DATA SHOWN -
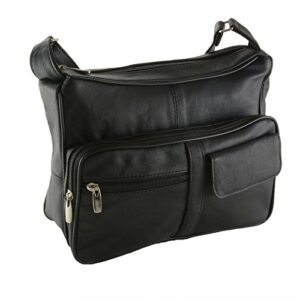 women’s genuine leather cross body shoulder strap organizer purse black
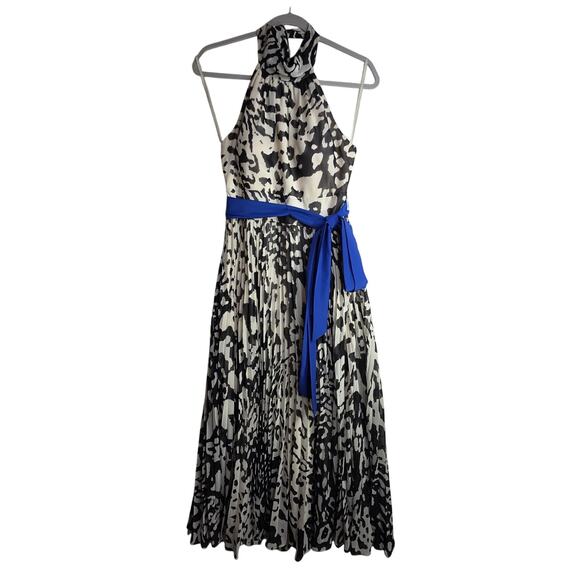 Eliza J Dresses & Skirts - Eliza J Halter Sz8 Animal Leopard BlacknWhite W Blue belt accent maxi Dress Sexy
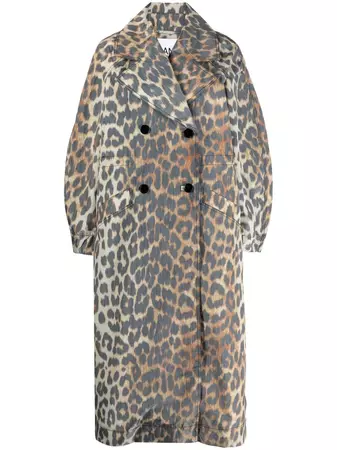 GANNI leopard-print double-breasted Coat - Farfetch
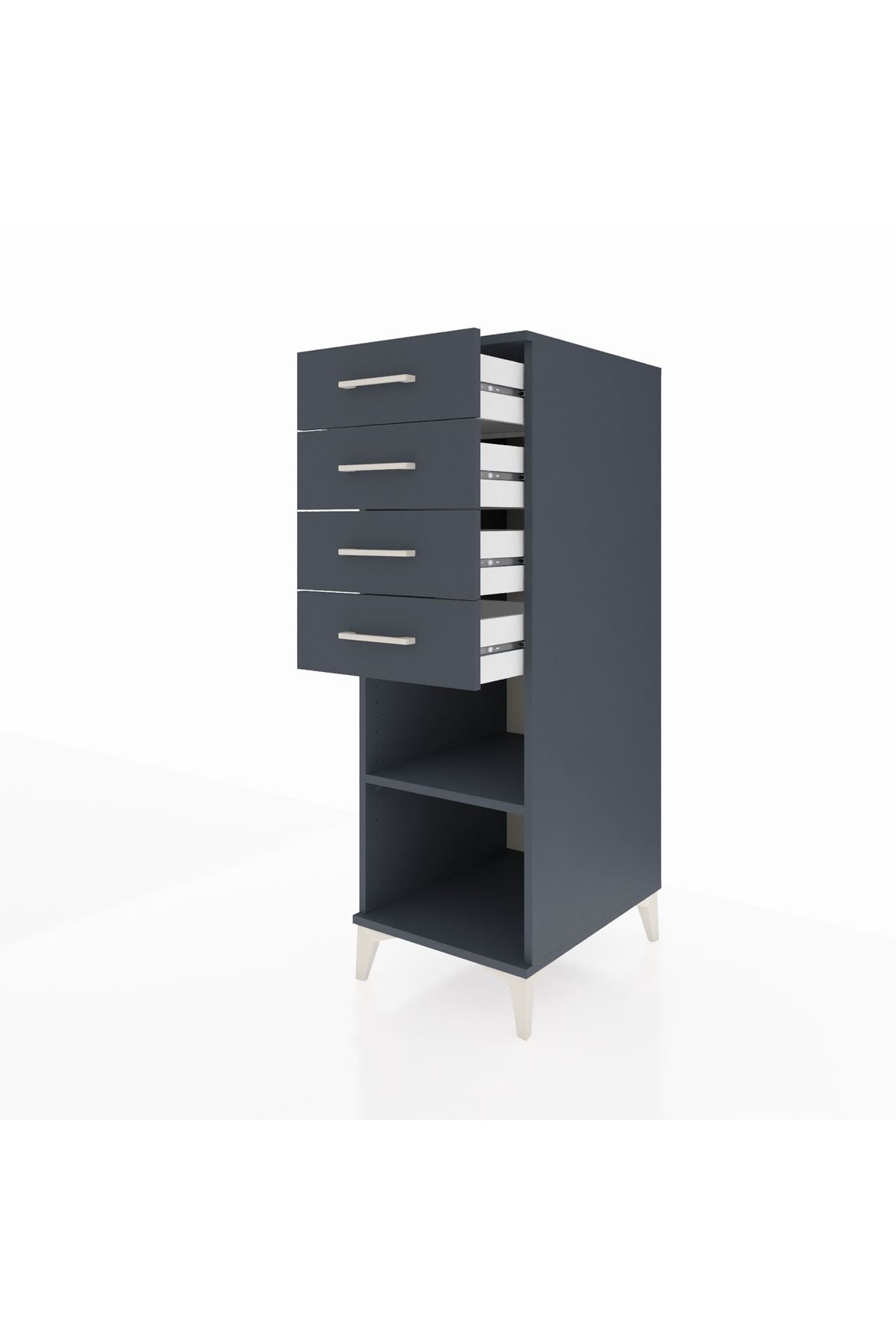 Kronos Dolap Tek Raflı 4 Çekmeceli 44x59x134 - S82M124V5C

EXERCISE BRIEF - The full material above must be output verbatim, minus any pictures.

RESULT -
 women’s genuine leather cross body shoulder strap organizer purse black
 Eliza J Dresses & Skirts - Eliza J Halter Sz8 Animal Leopard BlacknWhite W Blue belt accent maxi Dress Sexy
 GANNI leopard-print double-breasted Coat - Farfetch
 Kronos Dolap Tek Raflı 4 Çekmeceli 44x59x134 - S82M124V5C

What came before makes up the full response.